STILL, ALL OF THIS has done little to dispel the notion that when it comes to actually punishing incidents of wrongdoing when
they happen, Canadian regulators lag badly behind their American counterparts. The U.S. has racked up an impressive list of high profile white-collar cases that ended with big prison sentences: former Tyco CEO Dennis Kozlowski received up to 25 years in prison. Enron CEO Jeffrey Skilling was given a 25year prison sentence, and Enron founder Kenneth Lay faced spending the rest of his life in prison before dying of a heart attack last year. More recently, the Conrad Black saga underscored the lengths the U.S. government, FBI, and SEC will go to in pursuit of white-collar crime. The OSC, on the other hand, tends to attract attention for its failures—from the acquittal this week of John Felderhof (the only person charged in the notorious 1997 Bre-X mining scandal which cost investors $6 billion) to the case against ex-investment banker Andrew Rankin (whose conviction on stock tipping was overturned) to the muted response to the stock option backdating scandal (which has cost dozens of U.S. executives their jobs). To some critics, the lack of high-profile white-collar cases in Canada is a cause for concern—a sign that the enforcers aren’t doing their job.
The OSC says criticism that’s soft on crime overlooks the work it does either successfully settling cases or avoiding them by focusing on compliance. “What is unseen are the cases that have been prevented.
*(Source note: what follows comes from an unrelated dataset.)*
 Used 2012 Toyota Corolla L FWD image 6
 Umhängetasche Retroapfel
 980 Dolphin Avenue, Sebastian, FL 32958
Cases where it’s not necessary to proceed with enforcement proceedings because the decision is made that public markets have been adequately protected,” says Larry Ritchie, a vice-chair with the OSC. It also overlooks cultural differences between Canada and the United States, which tends to view prison as a more useful deterrent, adds Ritchie.
OSC chair David Wilson bristles at the notion the SEC is more aggressive when it comes to market enforcement. A question about recent high-profile white-collar cases elicits an abrupt, defensive response. “Those are not SEC cases,” he says, complaining about a common misconception. The SEC, of course, does investigate wrongdoing in cooperation with law enforcement (and has played a highly visible role in virtually every fraud case in the post-Enron crackdown) but, as Wilson stresses, actual criminal proceedings in the U.S. are handled by the justice department.
Nevertheless, the defining image of the U.S. approach to white-collar criminal enforcement is the so-called “perp walk,” where police, flanked by SEC-types, lead executives from their offices in handcuffs. That doesn’t happen in Canada, nor do such theatrics jibe with the mentality found among Canadian regulators, say former OSC employees. “The ones who are the most thoughtful,” says Joe
Groia, a securities lawyer and former head of enforcement at the OSC, “get the most satisfaction out of a case that’s properly investigated and then settled on a fair basis with a respondent.” The last thing an agency like the OSC wants is a collection of bullies investigating cases, says Larry Waite, also a former OSC enforcement chief, and now president of the Mutual Fund Dealers Association of Canada. There is no pressure on OSC investigators to put people in handcuffs, says Waite, but “there is pressure to do the job right and be fair.” Critics also tend to overlook the difficulty of successfully prosecuting a criminal case. “It’s easy to open an investigation; it’s very hard to close one,” adds Waite.
The notion that there’s a lack of enforcement activity in Canada is actually off base, experts say. Earlier this year, the Investment Dealers Association commissioned Harvard professor Howell Jackson to look at differences between Canadian and U.S. securities regulators in light of the “apparent effectiveness of enforcement actions in the United States.” His conclusion: Canadian budgets and staffing might actually be more intensive than in the United States.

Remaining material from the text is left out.